(Dataset excerpts)

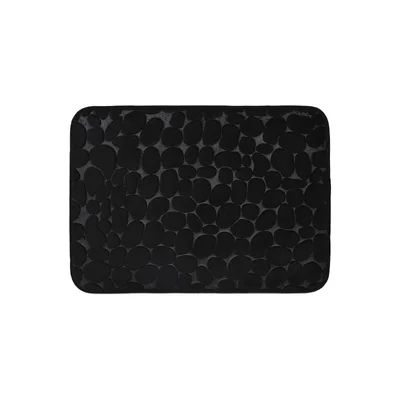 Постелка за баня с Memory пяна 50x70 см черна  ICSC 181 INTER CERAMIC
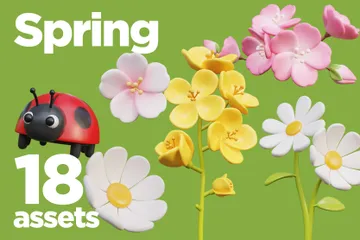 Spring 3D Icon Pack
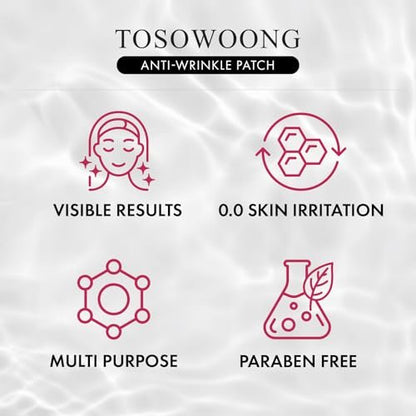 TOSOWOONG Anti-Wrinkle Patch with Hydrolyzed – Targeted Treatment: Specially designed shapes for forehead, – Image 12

(End Dataset excerpts)
(Dataset excerpts)

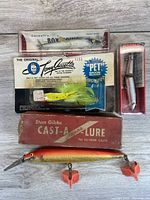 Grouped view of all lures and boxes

(End Dataset excerpts)

Work to be completed — Given the entries above, transcribe exactly the lines from the one holding "Spring 3D Icon Pack" through the one holding "TOSOWOONG Anti-Wrinkle Patch"; pictures do not belong in the transcription.

Your solution —
 Spring 3D Icon Pack
 TOSOWOONG Anti-Wrinkle Patch with Hydrolyzed – Targeted Treatment: Specially designed shapes for forehead, – Image 12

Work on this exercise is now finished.